- TASK -
Match on the string "toilet" in the entries below and return every matching line.

- LISTED ENTRIES -
• • • • •
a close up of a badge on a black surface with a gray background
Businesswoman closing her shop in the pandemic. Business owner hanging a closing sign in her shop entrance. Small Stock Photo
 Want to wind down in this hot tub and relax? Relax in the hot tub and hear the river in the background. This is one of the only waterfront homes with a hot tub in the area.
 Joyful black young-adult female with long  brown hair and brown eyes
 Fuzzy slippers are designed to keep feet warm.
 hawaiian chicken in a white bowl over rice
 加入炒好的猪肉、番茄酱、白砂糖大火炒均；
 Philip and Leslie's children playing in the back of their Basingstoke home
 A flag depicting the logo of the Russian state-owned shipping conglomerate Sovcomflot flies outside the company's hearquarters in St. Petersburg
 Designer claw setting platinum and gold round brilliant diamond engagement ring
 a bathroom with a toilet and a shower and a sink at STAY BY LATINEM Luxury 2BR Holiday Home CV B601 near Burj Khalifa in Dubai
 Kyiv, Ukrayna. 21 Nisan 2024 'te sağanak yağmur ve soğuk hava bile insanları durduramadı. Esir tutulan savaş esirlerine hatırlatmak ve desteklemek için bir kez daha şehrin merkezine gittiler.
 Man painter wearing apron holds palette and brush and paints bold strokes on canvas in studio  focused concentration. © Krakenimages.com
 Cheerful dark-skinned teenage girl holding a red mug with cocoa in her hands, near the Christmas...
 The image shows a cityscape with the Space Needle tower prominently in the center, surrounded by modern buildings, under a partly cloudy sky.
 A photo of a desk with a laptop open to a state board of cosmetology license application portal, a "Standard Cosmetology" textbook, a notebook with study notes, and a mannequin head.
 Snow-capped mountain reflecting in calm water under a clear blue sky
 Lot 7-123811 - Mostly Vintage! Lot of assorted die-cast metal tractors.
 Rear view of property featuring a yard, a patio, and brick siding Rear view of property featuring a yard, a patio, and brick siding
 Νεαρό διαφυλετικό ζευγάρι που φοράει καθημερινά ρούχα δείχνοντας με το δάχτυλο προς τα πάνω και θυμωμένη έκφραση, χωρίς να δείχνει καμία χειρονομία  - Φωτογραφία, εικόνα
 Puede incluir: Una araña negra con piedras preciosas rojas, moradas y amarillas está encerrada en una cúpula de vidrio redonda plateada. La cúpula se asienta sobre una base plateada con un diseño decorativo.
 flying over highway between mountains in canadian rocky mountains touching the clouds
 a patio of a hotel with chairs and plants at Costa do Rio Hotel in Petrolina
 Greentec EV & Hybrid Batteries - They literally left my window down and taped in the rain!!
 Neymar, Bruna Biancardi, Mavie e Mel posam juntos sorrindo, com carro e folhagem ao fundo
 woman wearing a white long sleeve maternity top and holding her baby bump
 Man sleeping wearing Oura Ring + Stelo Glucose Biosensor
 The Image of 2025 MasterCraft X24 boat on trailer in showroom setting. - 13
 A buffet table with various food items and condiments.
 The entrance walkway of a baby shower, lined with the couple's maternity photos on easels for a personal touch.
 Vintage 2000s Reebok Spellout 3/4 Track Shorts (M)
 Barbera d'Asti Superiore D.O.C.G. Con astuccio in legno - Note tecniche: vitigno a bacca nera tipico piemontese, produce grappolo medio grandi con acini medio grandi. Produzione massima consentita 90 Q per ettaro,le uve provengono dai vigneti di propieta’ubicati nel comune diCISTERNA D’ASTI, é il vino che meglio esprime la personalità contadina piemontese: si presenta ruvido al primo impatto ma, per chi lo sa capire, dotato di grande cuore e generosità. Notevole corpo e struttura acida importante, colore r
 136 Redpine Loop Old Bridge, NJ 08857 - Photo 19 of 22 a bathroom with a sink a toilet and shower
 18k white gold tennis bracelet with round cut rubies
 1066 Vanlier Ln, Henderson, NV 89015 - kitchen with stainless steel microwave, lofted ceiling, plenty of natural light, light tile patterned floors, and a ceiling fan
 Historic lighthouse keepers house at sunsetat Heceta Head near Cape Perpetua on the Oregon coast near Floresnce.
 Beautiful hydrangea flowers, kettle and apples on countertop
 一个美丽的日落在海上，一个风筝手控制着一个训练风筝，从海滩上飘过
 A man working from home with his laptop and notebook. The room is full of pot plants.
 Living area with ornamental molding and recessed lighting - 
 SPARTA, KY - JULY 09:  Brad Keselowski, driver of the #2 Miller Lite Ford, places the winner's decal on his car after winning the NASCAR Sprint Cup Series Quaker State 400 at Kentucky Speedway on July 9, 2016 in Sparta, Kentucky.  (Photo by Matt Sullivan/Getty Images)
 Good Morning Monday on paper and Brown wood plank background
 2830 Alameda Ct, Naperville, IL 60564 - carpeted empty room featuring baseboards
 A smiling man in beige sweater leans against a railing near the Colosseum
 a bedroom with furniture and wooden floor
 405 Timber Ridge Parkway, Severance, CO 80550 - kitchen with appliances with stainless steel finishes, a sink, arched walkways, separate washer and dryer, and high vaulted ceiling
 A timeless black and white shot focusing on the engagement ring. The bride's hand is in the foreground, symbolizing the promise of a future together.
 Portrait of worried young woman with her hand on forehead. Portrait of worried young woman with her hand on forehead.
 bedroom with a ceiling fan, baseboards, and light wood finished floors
• • • • •
- ANSWER TO THE EXERCISE -
 a bathroom with a toilet and a shower and a sink at STAY BY LATINEM Luxury 2BR Holiday Home CV B601 near Burj Khalifa in Dubai
 136 Redpine Loop Old Bridge, NJ 08857 - Photo 19 of 22 a bathroom with a sink a toilet and shower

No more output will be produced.